# Task directions
Taking only the lines of the data below from the line with "Eddie Bauer Womens" to the line with "Carlo Colucci Sweater C8803 - Blauw", ends included, write them out exactly and without pictures.

# Data
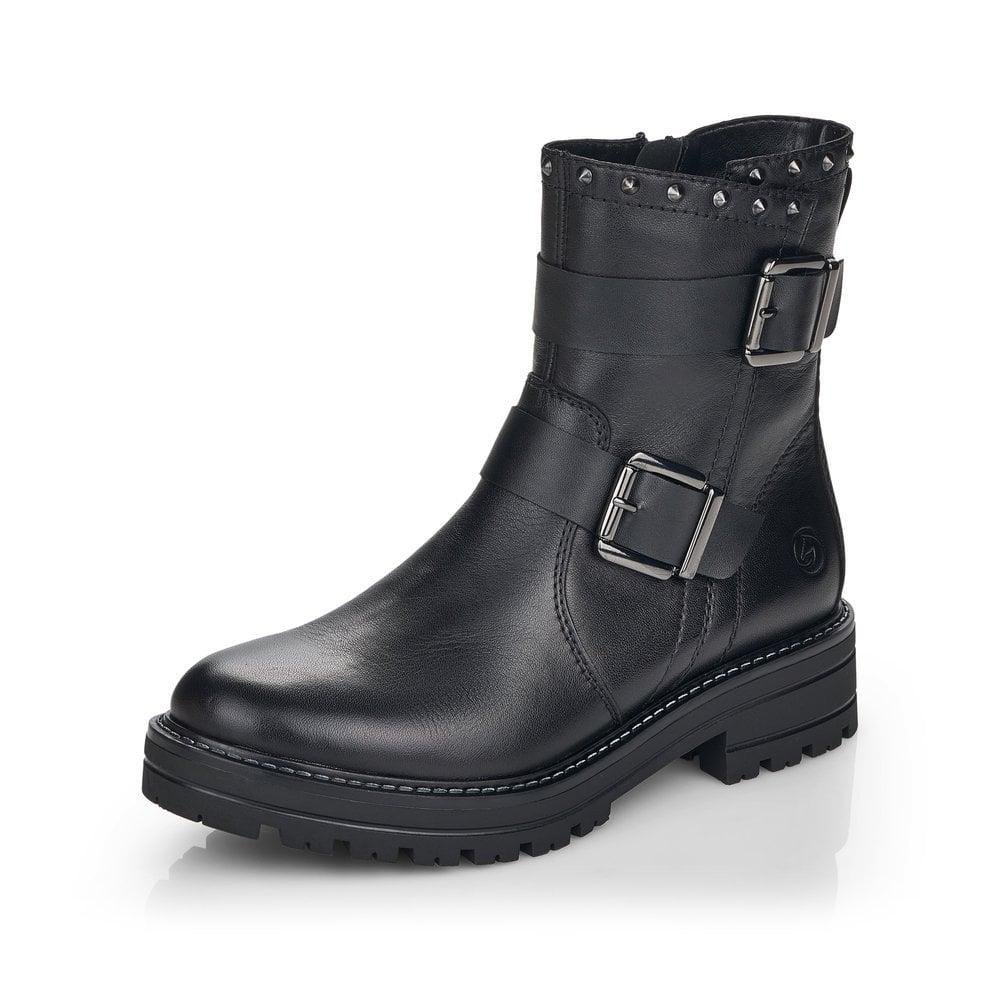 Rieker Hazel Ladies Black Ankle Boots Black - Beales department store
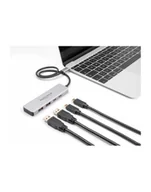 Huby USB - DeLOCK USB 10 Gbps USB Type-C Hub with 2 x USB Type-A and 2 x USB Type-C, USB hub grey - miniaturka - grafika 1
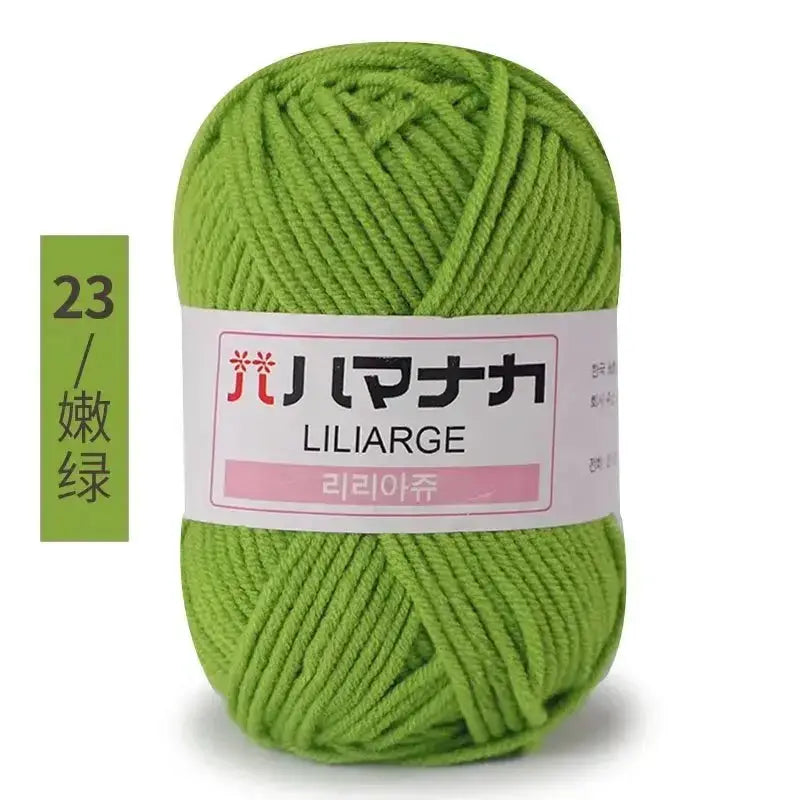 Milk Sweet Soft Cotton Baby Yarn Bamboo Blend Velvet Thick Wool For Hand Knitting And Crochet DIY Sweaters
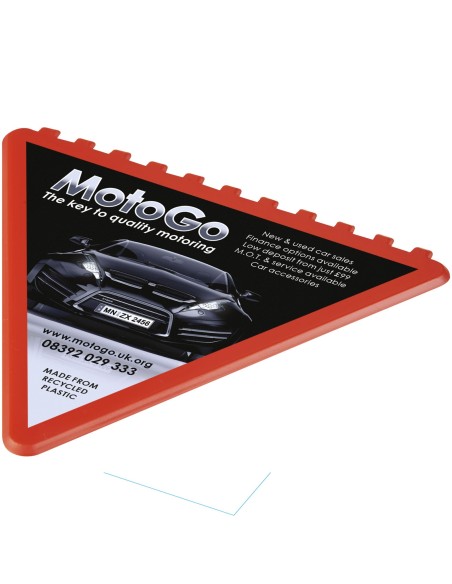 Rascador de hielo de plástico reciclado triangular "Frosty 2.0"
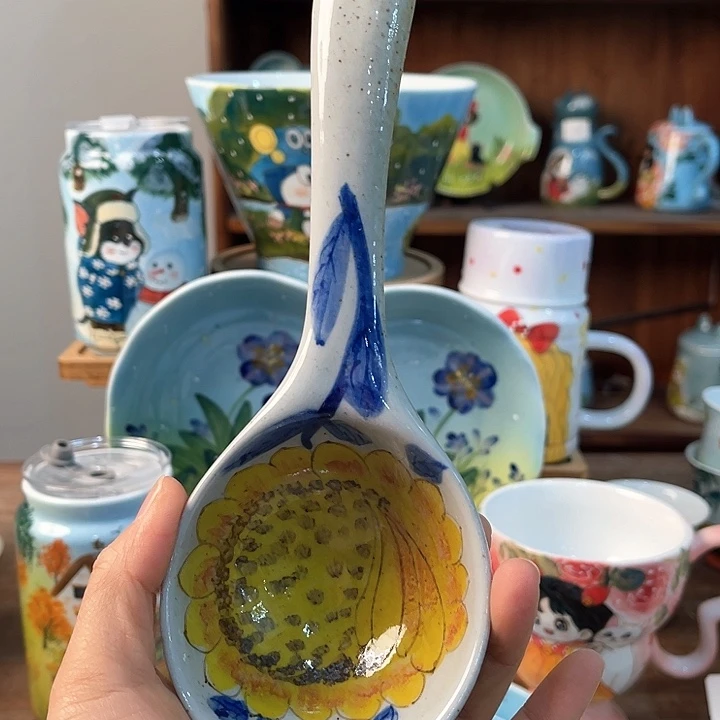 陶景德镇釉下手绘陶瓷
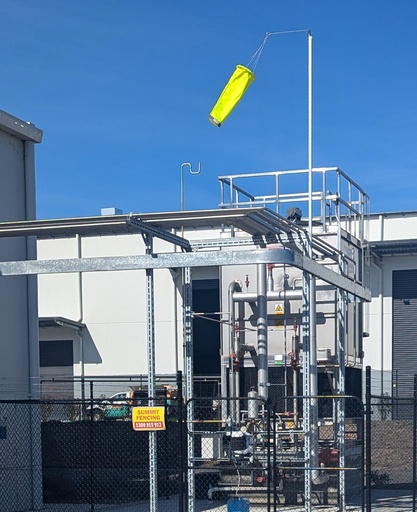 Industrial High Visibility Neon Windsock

...

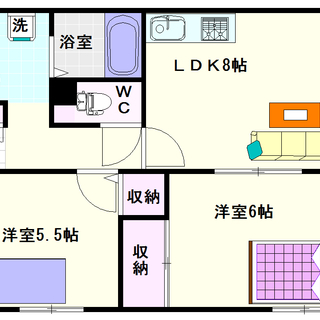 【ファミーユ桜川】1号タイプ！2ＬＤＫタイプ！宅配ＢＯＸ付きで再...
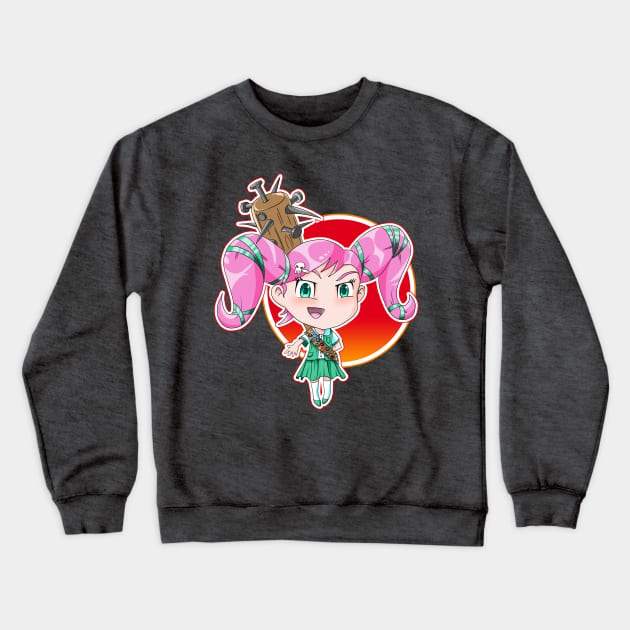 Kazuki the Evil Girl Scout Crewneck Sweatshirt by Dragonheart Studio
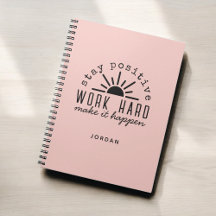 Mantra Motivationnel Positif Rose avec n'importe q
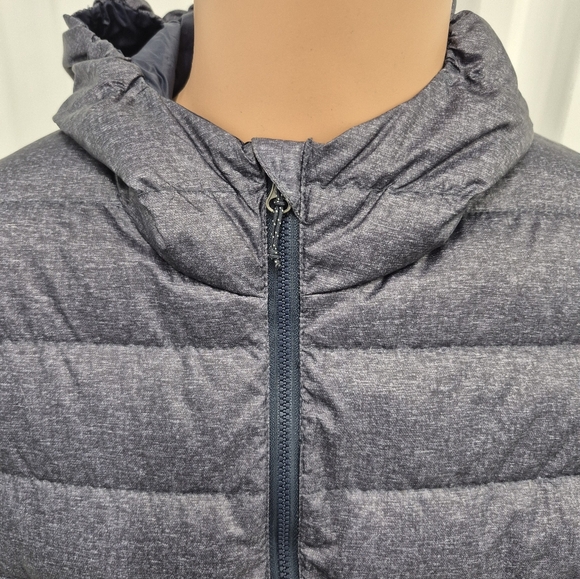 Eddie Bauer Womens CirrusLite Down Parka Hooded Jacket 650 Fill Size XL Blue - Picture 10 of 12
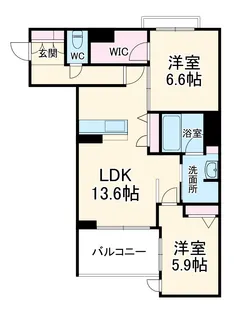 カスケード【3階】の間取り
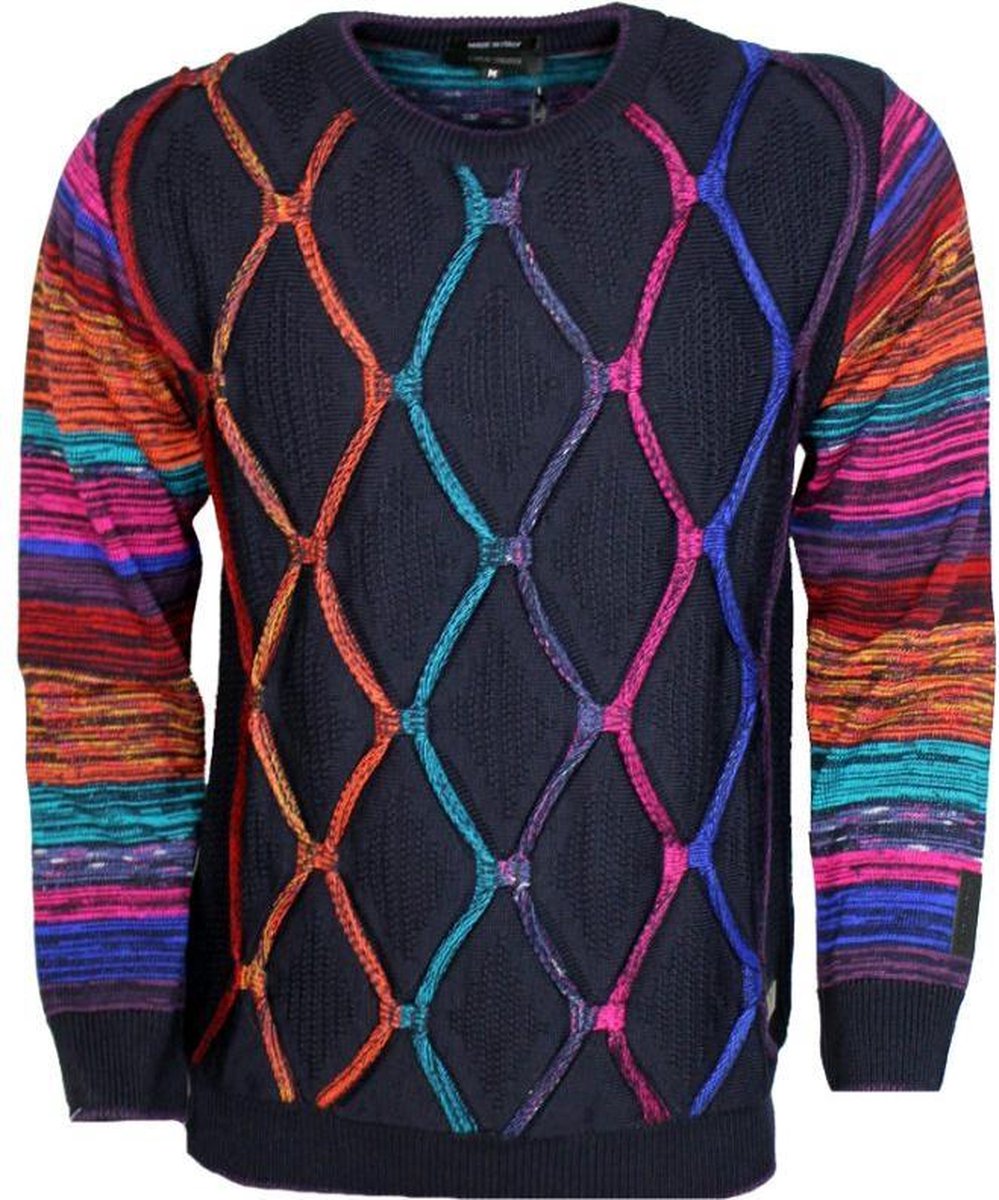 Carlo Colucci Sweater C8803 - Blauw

* * *

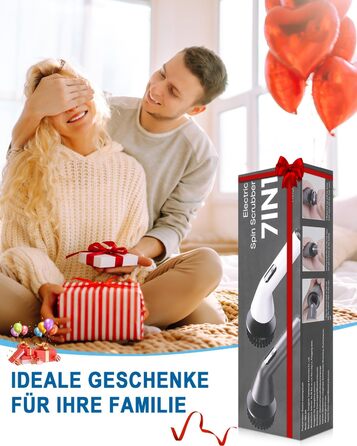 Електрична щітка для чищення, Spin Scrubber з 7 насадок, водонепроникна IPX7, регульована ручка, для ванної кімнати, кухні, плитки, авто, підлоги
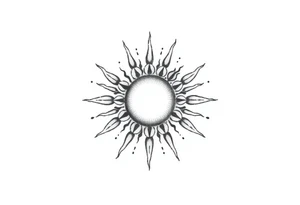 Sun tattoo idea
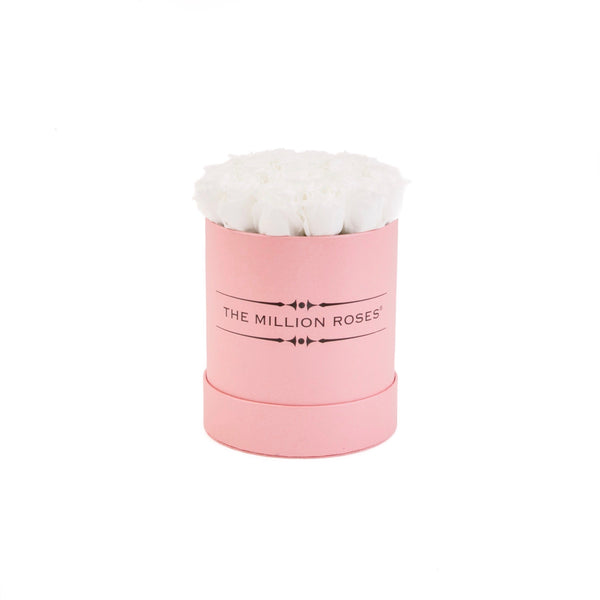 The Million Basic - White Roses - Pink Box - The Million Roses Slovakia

# Written solution
 Eddie Bauer Womens CirrusLite Down Parka Hooded Jacket 650 Fill Size XL Blue - Picture 10 of 12
 カスケード【3階】の間取り
 Carlo Colucci Sweater C8803 - Blauw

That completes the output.